Task instructions => Beginning with the line that holds "104020901 高级线路维护员.doc_第2页", copy each line to the end of the records exactly, except the pictures.

Captioned web images =>
============================================================

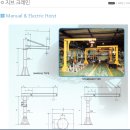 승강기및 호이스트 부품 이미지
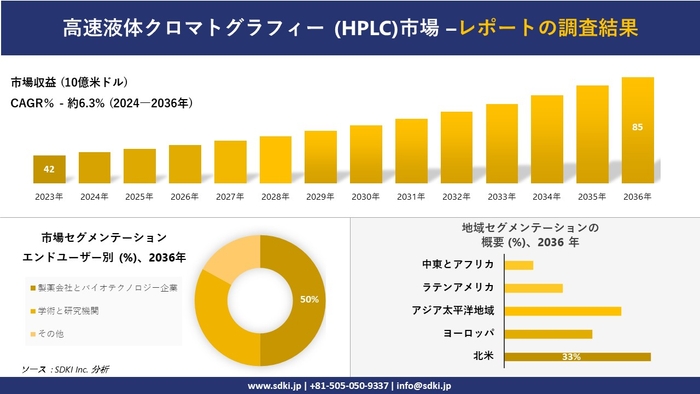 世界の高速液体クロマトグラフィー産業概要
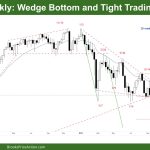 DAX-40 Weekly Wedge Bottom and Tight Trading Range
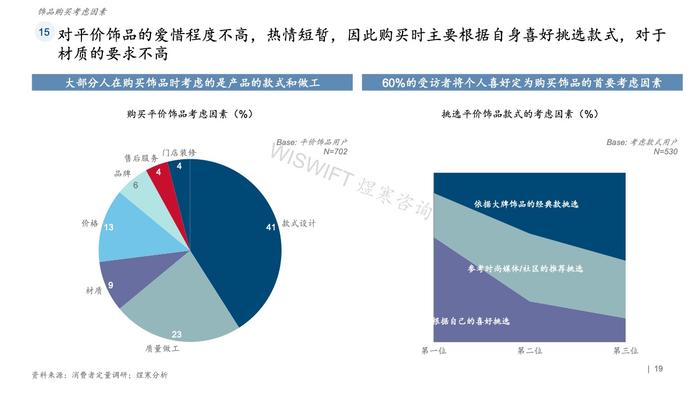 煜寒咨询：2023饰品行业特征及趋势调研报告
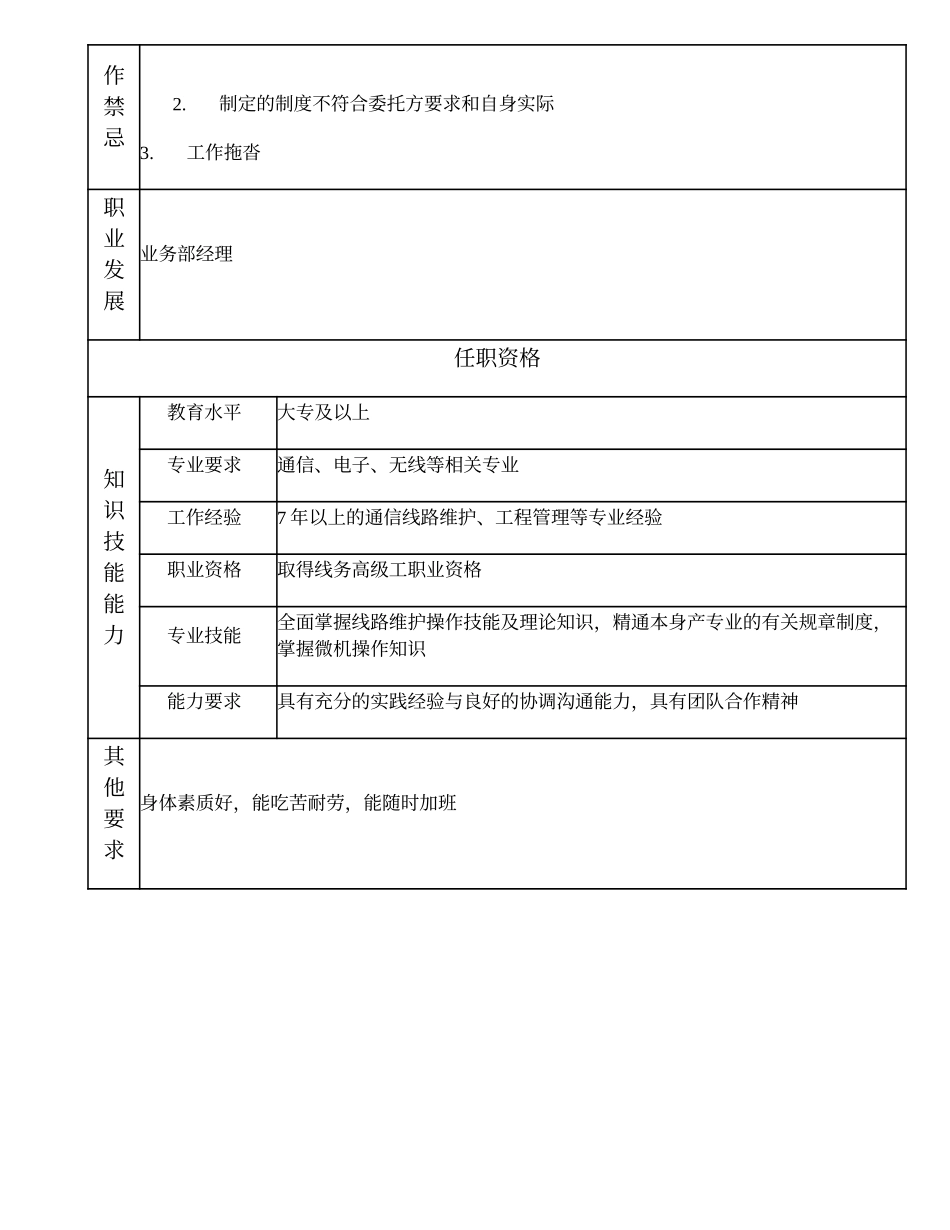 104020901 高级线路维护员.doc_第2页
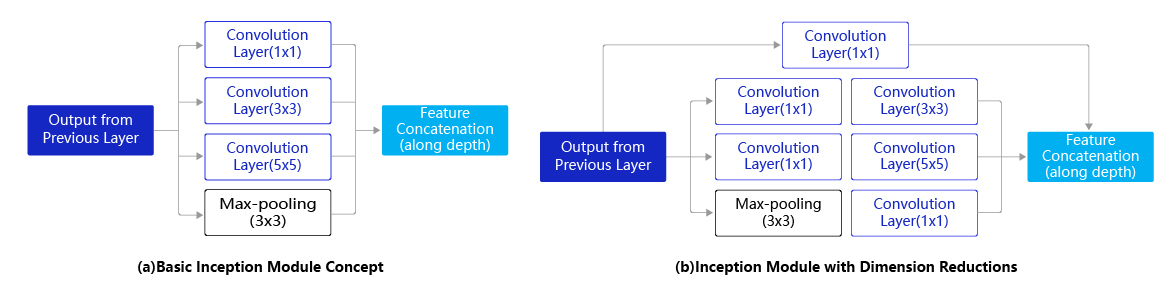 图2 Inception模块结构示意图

============================================================

Answer section =>
 104020901 高级线路维护员.doc_第2页
 图2 Inception模块结构示意图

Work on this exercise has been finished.